Polar Covalent Bonds

Have you ever seen two children play and one child acts like a bully toward the other child? The bully child seems to spend more time playing with the toy than the other child. They are not equally sharing the toys.

This unequal sharing also happens with a type of bond called polar covalent bonding. Polar covalent bonding is a type of chemical bond where a pair of electrons is unequally shared between two atoms. In a polar covalent bond, the electrons are not equally shared because one atom spends more time with the electrons than the other atom. In polar covalent bonds, one atom has a stronger pull than the other atom and attracts electrons. Remember how electrons carry a negative charge? Well, when electrons spend more time with one atom, it causes that atom to carry a partial negative charge. The atom that does not spend as much time with the electrons carries a partial positive charge.

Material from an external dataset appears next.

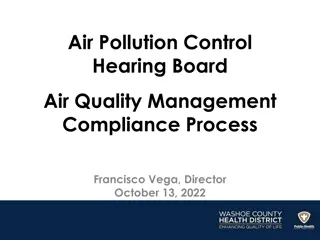 Air Quality Management Division Overview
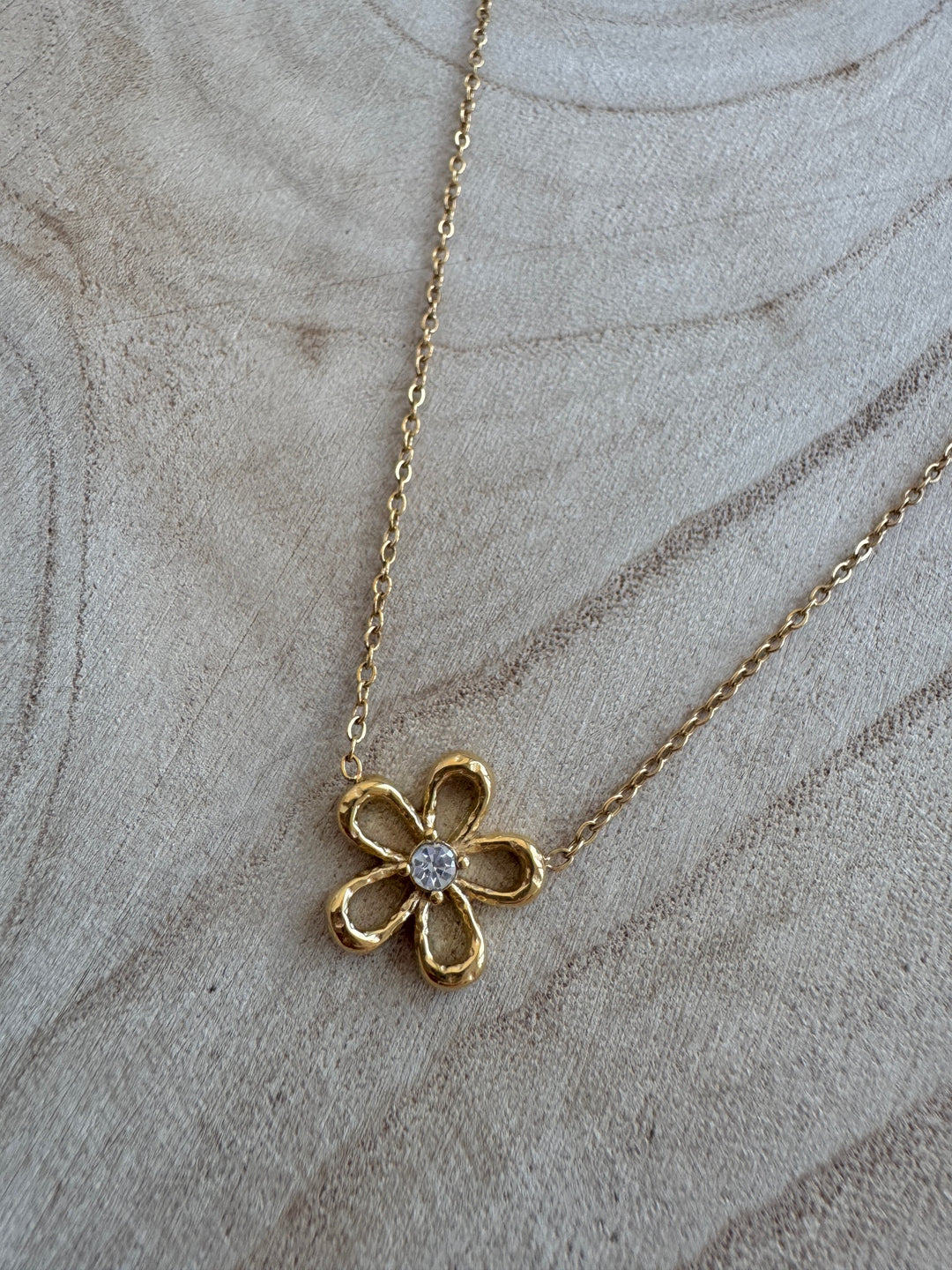 Blossom Flower Gold Chain Necklace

To remember a polar covalent bond, instead say 'puller covalent,' and remember one atom has more 'pull' on electrons than the other atom.

In a polar covalent bond, one atom spends more time with the electrons than the other.
Polar Covalent Bonds

Your life actually depends on polar covalent bonding. You drink water, right? A water molecule, abbreviated as H2O, is an example of a polar covalent bond. The electrons are unequally shared, with the oxygen atom spending more time with electrons than the hydrogen atoms. Since electrons spend more time with the oxygen atom, it carries a partial negative charge.

Another example of a polar covalent bond is between a hydrogen and a chlorine atom. In this bond, the chlorine atom spends more time with the electrons than the hydrogen atom. Because of this unequal sharing of electrons, the chlorine atom carries a partial negative charge, and the hydrogen atom carries a partial positive charge.

How to Predict Bonding Type Using Electronegativity

You may be wondering: How do you know what type of bond will occur between atoms? You can predict which type of bond will form by looking at the electronegativity of each atom involved in the bond. Electronegativity is how strongly an atom will attract electrons from another atom in a chemical bond. Some atoms have a higher electronegativity, while others have a lower electronegativity. Electronegativity is like a tug of war game between two atoms. If you have one person on the side of the rope that is stronger than the other person, then that stronger person will tug harder, pulling the other person in their direction. On the other hand, if you had two people of equal strength, then the rope would not shift in any one direction and would stay in the same place.

When two atoms have unequal levels of electronegativity, one atom will tug electrons from the other.
Electronegativity

Like tug of war, if you have a stronger atom with a higher electronegativity, then it will be able to tug electrons in its direction. Since the atoms have a different electronegativity, the electrons are unequally shared. On the other hand, if you have two atoms with the same strength, or the same electronegativity, then the electrons will not be tugged in any one direction and will stay in the middle of the two atoms. Since there is no tugging, electrons are equally shared between the two atoms.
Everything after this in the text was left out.